Buying from an international seller?

I'd do it for a great deal, but wouldn't deal with it for an ordinary deal....

15% under normal seems like a good baseline...
This exactly because you have to go in accepting that you might have to fork over 15% of the sales price a year after you buy the contract. We’ve purchased from an international seller and wouldn’t do it again. We were not told until we got the paperwork which annoyed us. The entire situation was very stressful and that kind of stress is not worth it for us personally. We are just risk adverse.
 
This exactly because you have to go in accepting that you might have to fork over 15% of the sales price a year after you buy the contract. We’ve purchased from an international seller and wouldn’t do it again. We were not told until we got the paperwork which annoyed us. The entire situation was very stressful and that kind of stress is not worth it for us personally. We are just risk adverse.
Going through it now and not too stressed. Just going to make sure we get documentation that the 15% is being withheld and submitted to the IRS.
 
This exactly because you have to go in accepting that you might have to fork over 15% of the sales price a year after you buy the contract. We’ve purchased from an international seller and wouldn’t do it again. We were not told until we got the paperwork which annoyed us. The entire situation was very stressful and that kind of stress is not worth it for us personally. We are just risk adverse.
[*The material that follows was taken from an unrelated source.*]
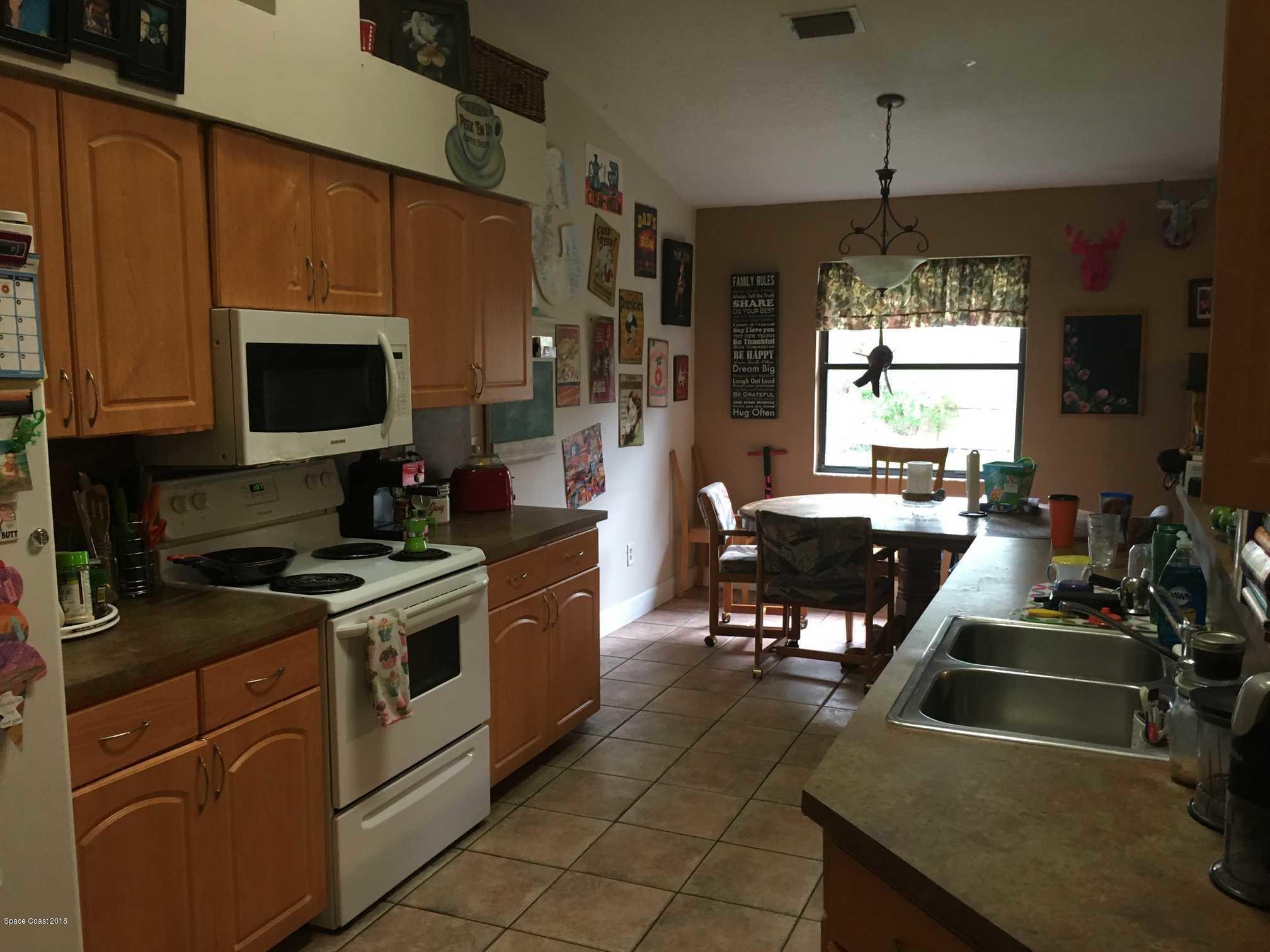 1689 Palm Ridge Road Melbourne, FL 32935 - Photo 5 of 8 1689_00004
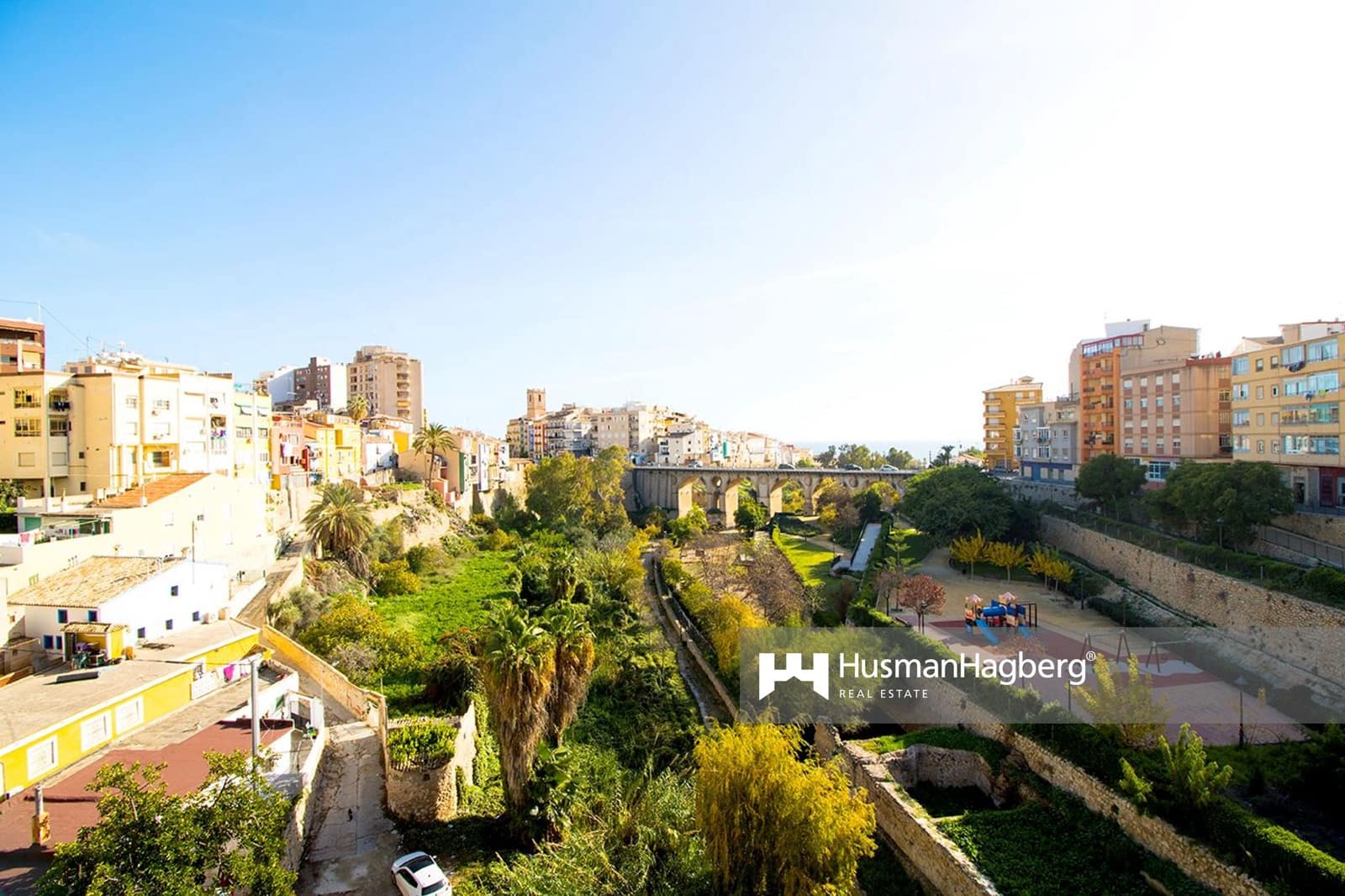 2 bedroom Apartment for sale in La Villajoyosa / Vila Joiosa with pool - € 495,000 (Ref: 9450087)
Exactly so while I get frustration for international sellers, the market treats them differently for a legitimate reason. Buyer is taking a risk not the seller.
 
Going through it now and not too stressed. Just going to make sure we get documentation that the 15% is being withheld and submitted to the IRS.
Exactly so while I get frustration for international sellers, the market treats them differently for a legitimate reason. Buyer is taking a risk not the seller.
Yes, so if the stress doesn’t bother you, it could be a good chance for a deal. One thing is to make sure your title company is one of the “good” ones. I realize @IsDVCForMe? Is already in the process, but that is the only advice I have for future buyers going ahead with an international purchase.
 

Couple years ago buying from an international seller was the only sure way to get through ROFER. They were taking most everything except active sales and Grand Cal.

When I bought from an international seller, it reduced the stress. Actually, had to pay slightly above going market just to have the security of a contract that wasn't going to be taken in ROFR.



.
 
Couple years ago buying from an international seller was the only sure way to get through ROFER. They were taking most everything except active sales and Grand Cal.

When I bought from an international seller, it reduced the stress. Actually, had to pay slightly above going market just to have the security of a contract that wasn't going to be taken in ROFR.



.
At this point, I’m more scared of wiring the money to the title company rather than the FIRPTA stuff lol.
 
This exactly because you have to go in accepting that you might have to fork over 15% of the sales price a year after you buy the contract.
How so? You as the buyer will already be withholding 15% of the agreed purchase price (or the closing/title company will do it for you). Why would you bid another 15% below market price? You can, of course, do so, but might be losing out on a good deal. It's of course up to you what you feel comfortable with.
 
How so? You as the buyer will already be withholding 15% of the agreed purchase price (or the closing/title company will do it for you). Why would you bid another 15% below market price? You can, of course, do so, but might be losing out on a good deal. It's of course up to you what you feel comfortable with.
To me it isn't worth the risk... and just because an international seller is listing, doesn't mean it is a good deal...

I'm not even saying it has to be 15% off of a Disboards ROFR price, but it better be on the lower side of average/typical prices at the very least... I'd hate to pay board sponsor prices - which tend to be high to begin with - and then find out I owe 15% on top of that....
 
How so? You as the buyer will already be withholding 15% of the agreed purchase price (or the closing/title company will do it for you). Why would you bid another 15% below market price? You can, of course, do so, but might be losing out on a good deal. It's of course up to you what you feel comfortable with.
There is nothing in the contract that guarantees that the seller will pay the tax. My husband was livid about that contract. He got the title company to scratch out all kinds of stuff in the contract but he couldn’t get them to add a guarantee that we wouldn’t be on the hook for the 15%. In the end I had to convince him to just sign. The government ultimately comes after the buyer because they can and because it’s easy for them to do so. If all goes well=no issue at all. But that’s not what a contract is for. A contract is for when things do not go as planned.
 
Yikes, reading all this has to give international buyers pause. If they ever want/need to sell, it sounds like they can take a larger financial loss than those sellers in the US.